Luci’s journey with Severe Aplastic Anaemia

Luci was in the prime of her life. At 28 years old, she had moved to Wales with her long-term partner to begin a new adventure. Nine months of fun and fresh experiences went by before Luci noticed herself feeling extremely weak. Trying to shake it off, Luci kept living her busy lifestyle until one morning she couldn’t even move from the bed to the bathroom. Luci raced to the emergency room and three weeks later was diagnosed with Severe Aplastic Anaemia. This is her story.

At 28 years old, Luci was in the prime of her life. She had moved to Wales with her partner and was enjoying a new adventure. Luci noticed herself feeling extremely weak and was rushed to the emergency room when she woke up unable to move from the bed to the bathroom. Doctors initially thought Luci had leukaemia and she was relying on blood transfusions to keep her alive. After further tests and a bone marrow biopsy, Luci diagnosed with Severe Aplastic Anaemia (SAA).

With no family nearby, her dad flew in from Australia, and Luci decided to return home for treatment. She underwent immunosuppressive therapy, which led to difficult side effects and significant mental health struggles.

“I just couldn’t understand it. It all came completely out of the blue. I was only 28, had recently moved to Wales with my long-term partner, looking forward to our future and weekends in Europe. But now my life was at risk, and mentally it was extremely difficult.”

As her treatment progressed, Luci’s condition did not improve and she was told she would need a bone marrow transplant. Fortunately, a perfect overseas donor was found, and she had her transplant in September 2016. Whilst the transplant was successful, Luci faced complications including a rare post-transplant cancer. She underwent further chemotherapy and slowly began to recover.

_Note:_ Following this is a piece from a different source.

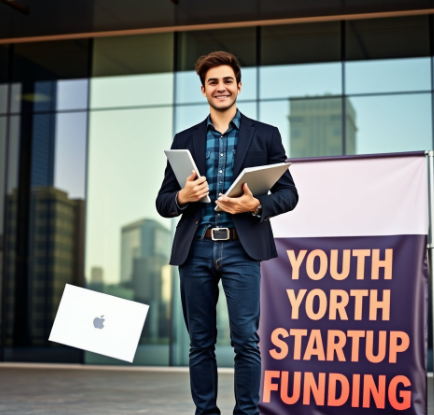 청년창업 자금대출 그림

Her recovery involved regular transfusions, blood tests, and countless medical appointments, making the return to everyday life a long and demanding path. During this time, Luci’s long-term partner with whom she had envisioned a future with moved out, adding emotional heartache to an already difficult journey.

Two years later, Luci was well enough to travel and in 2020, she was given a clean bill of health. Luci is now thriving and enjoying life in Brisbane. She has committed herself to supporting others and has a successful marketing career in healthcare and patient advocacy.

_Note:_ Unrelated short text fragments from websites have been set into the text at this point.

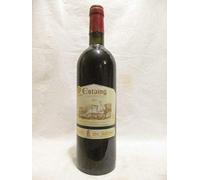 estaing cuvée saint-jacques élevé en fût rouge 2003 - languedoc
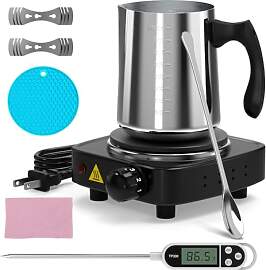 LIROPAU Kerzen Selber Machen Set mit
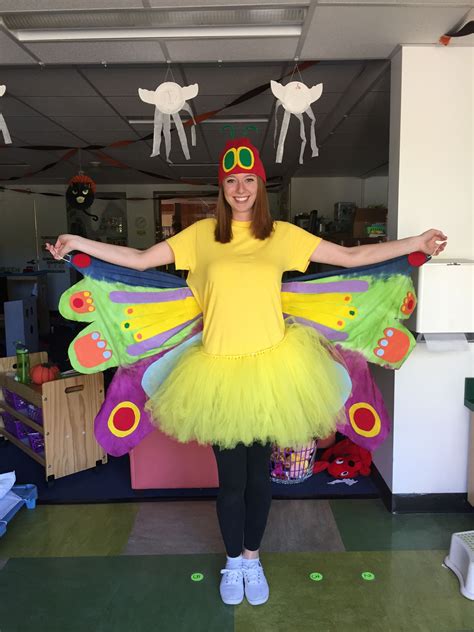 The Very Hungry Caterpillar Costume Preschool Teacher Costume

Looking back, she reflects on the importance of support during such a lonely and frightening journey. When thinking about Maddie Riewoldt’s Vision and the impact the organisation has had, Luci shared:

“I remember when Maddie’s Vision launched.  To hear that Maddie and I had the same diagnosis was astonishing, as I didn’t know anyone else who had SAA. If the Tele-Support Service* was available when I was going through my diagnosis and treatment, the impact would have been enormous. To have access to a free service with a nursing expert would have been amazing.  I am so grateful that Maddie’s Vision is here, shining a light on Bone Marrow Failure Syndromes and working to make a difference for patients and families across Australia.”

*The Maddie’s Vision Tele-support Service launched in 2019 and Peer Support Program launched in 2023.